+++ Available records

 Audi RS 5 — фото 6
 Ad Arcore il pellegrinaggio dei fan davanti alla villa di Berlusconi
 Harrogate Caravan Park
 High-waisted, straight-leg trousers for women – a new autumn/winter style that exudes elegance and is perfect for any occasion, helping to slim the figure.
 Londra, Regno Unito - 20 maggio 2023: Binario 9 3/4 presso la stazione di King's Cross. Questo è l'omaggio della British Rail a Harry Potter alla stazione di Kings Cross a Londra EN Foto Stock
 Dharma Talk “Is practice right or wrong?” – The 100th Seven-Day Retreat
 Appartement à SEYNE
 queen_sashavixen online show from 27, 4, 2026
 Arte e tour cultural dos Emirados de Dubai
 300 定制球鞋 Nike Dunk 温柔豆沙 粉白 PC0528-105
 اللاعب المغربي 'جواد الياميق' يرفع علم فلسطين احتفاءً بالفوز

++++++

The reply is a bare number: how many lines above include "alla".

__Result of the exercise__: 2